The Social Housing Reform Bill was passed into law yesterday, clearing the way for Housing New Zealand to shed up to 8000 homes by next year.
The bill passed by 63 votes to 56, with National, the Maori Party, Act and United Future in favour and Labour, the Greens and New Zealand First against.
Labour's housing spokesperson Phil Twyford told the Parliament the new law was a charter for corruption.
"Paula Bennett stands here in the house defending a bill that will give her and Bill English, the deputy prime minister, absolute unfettered powers to do any deal they like with whomsoever they like on any terms and conditions," he said.

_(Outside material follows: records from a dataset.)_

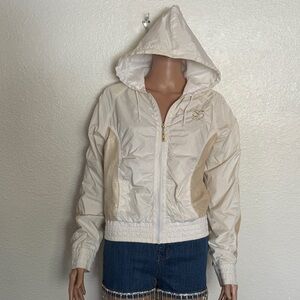 VINTAGE Southpole White Gold Metallic Y2K Hooded Windbreaker Track Jacket Size L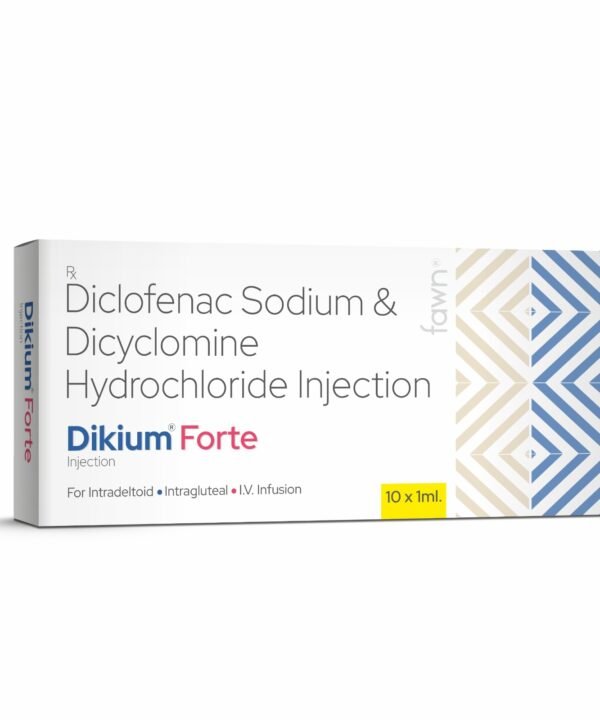 Diclofenac Sodium & Dicyclomine Hydrochloride Injection - DIKIUM FORTE Injection - Fawn Incor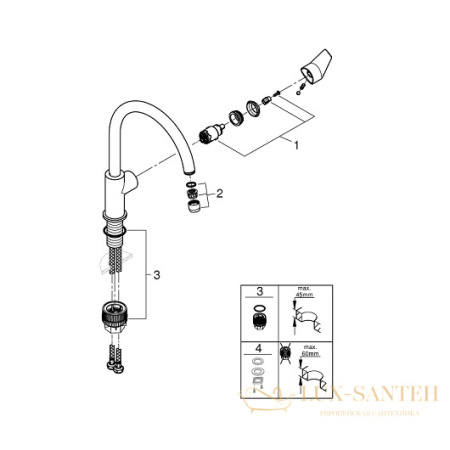 смеситель grohe bauedge 31233001 для мойки, хром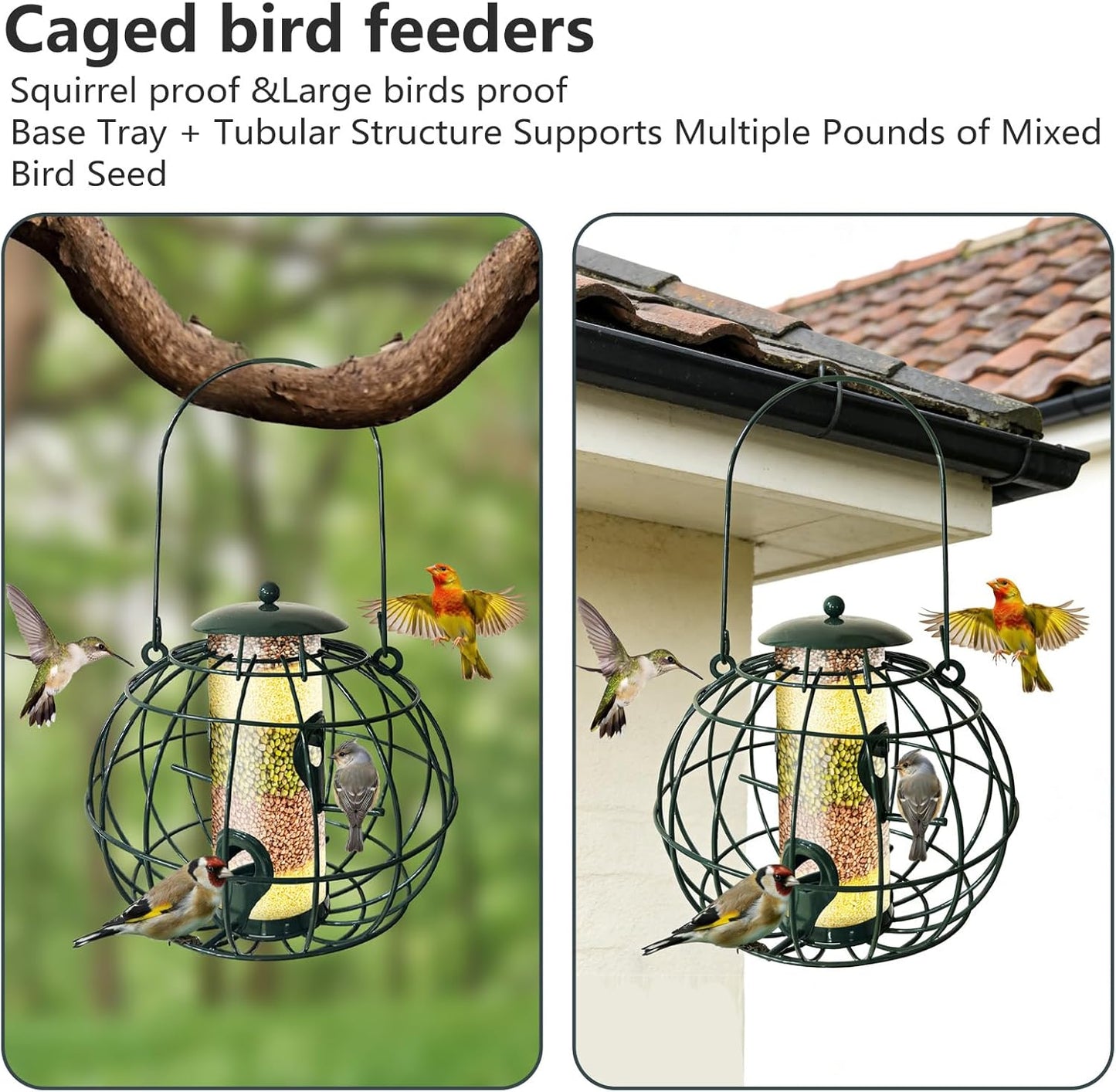 Squirrel Proof Bird Feeder - Outdoor Hanging Wild Bird Feeder, Large Capacity Weatherproof Tube Feeder with Base Tray, Finch Birdfeeder, Green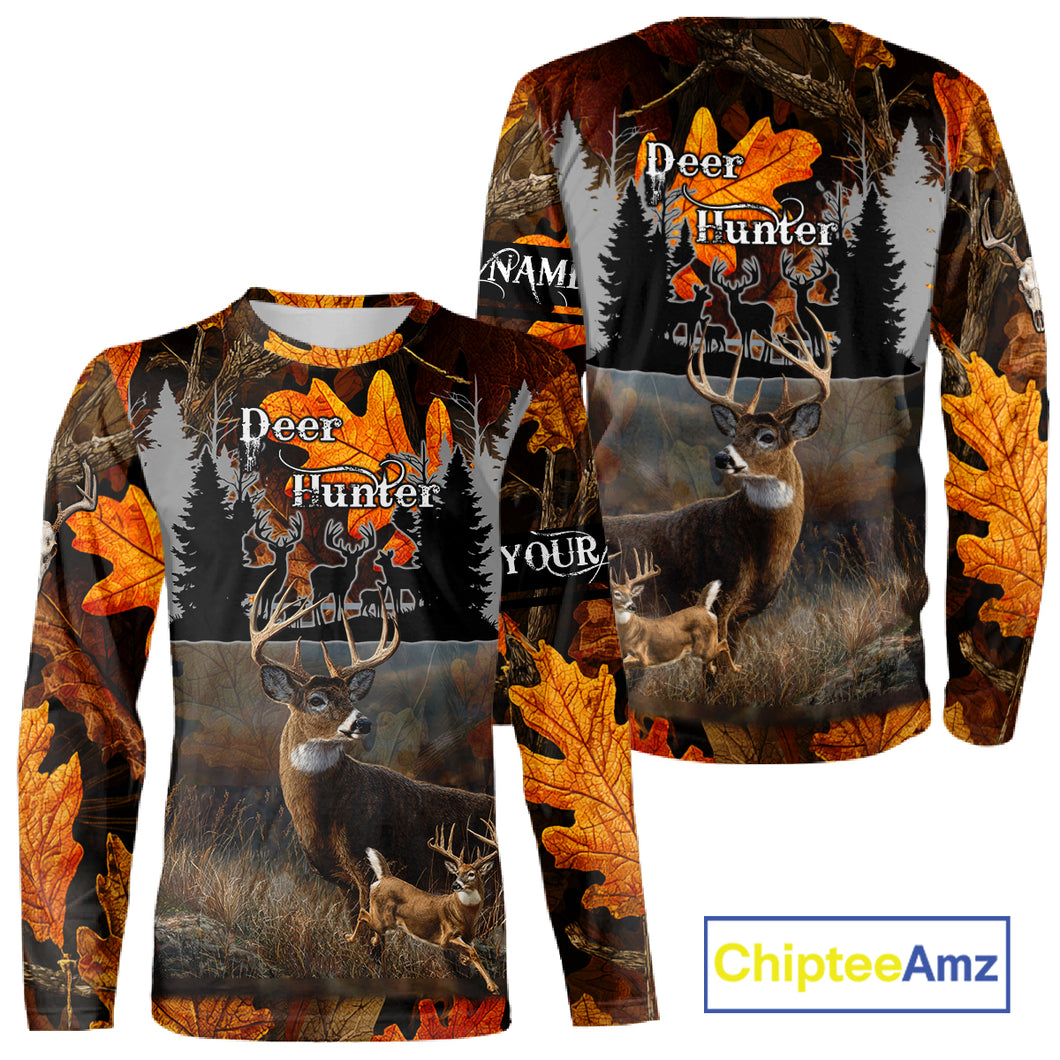 Whitetail Deer Hunting Orange Camo Autumn - Personalized All Over Print Deer Hunting Clothes NHT184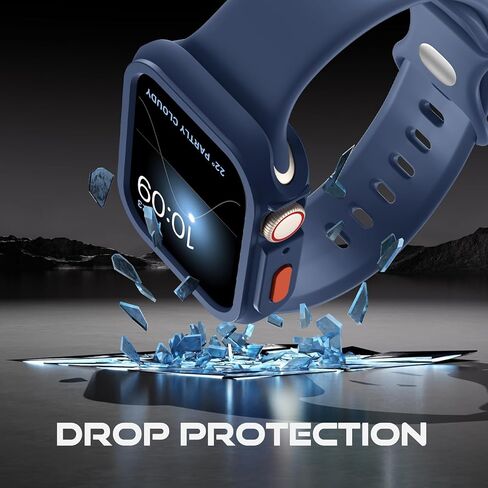 Adorve حافظة واقية متينة مقاومة للصدمات مصممة لساعة Apple Watch مقاس 44 مم 45 مم سلسلة 9/8/7/6/5/4/SE، غطاء ناعم من مادة TPU ممتص للصدمات لساعة Apple، غطاء حماية كامل الحافة iWatch واقي ساعة Apple 44 مم in Saudi Arabia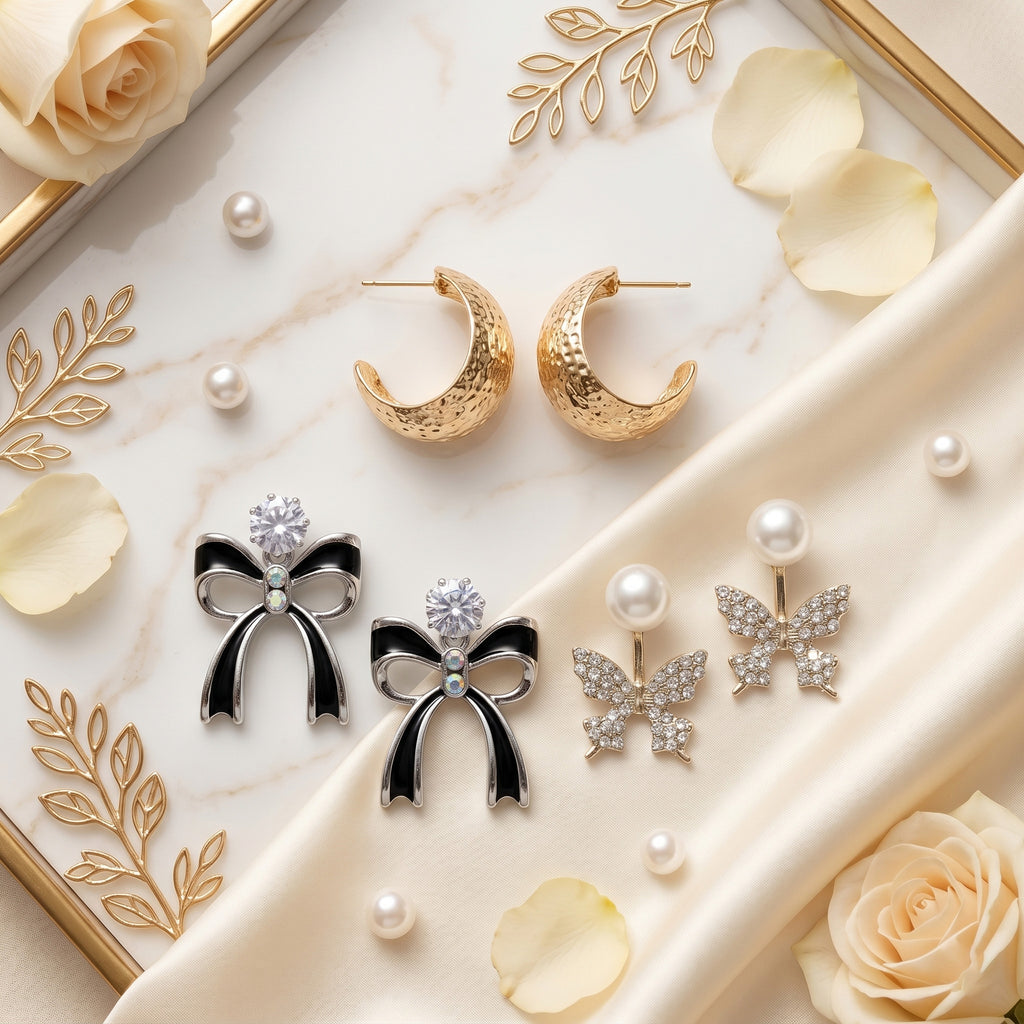 Pack of 3 Luxury Gold Hoop, Crystal Bow & Pearl Butterfly Earrings Combo for Women | Premium 3 Pair Designer Party Wear Earrings Set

He said the legislation had given the government the power to "flog off billions of dollars' worth of land and housing" and not be bothered with "pesky public servants".
Green Party co-leader Metiria Turei said the people who needed help the most would no longer have any security about where they lived.
"Sixty thousand families are now essentially renting off two ministers."
She said there was no longer any obligation for the homes to stay for state housing purposes.
But Social Housing Minister Paula Bennett said the bill made sure there was a clear and transparent process in place to sell state houses.
"It's not something you do lightly, to give yourself the mandate to actually sell these houses, so we've made sure we've put the right checks and balances in place," she said.
She added that the bill did not change the first right of refusal that iwi may have over some Housing New Zealand homes.
Just over 1100 houses in Tauranga and another 370 in Invercargill will be first up for sale and the government has said there is plenty of interest in buying the homes.
But agencies including the Salvation Army and Habitat for Humanity, have already backed off - saying they lack the resources to take on such a large job.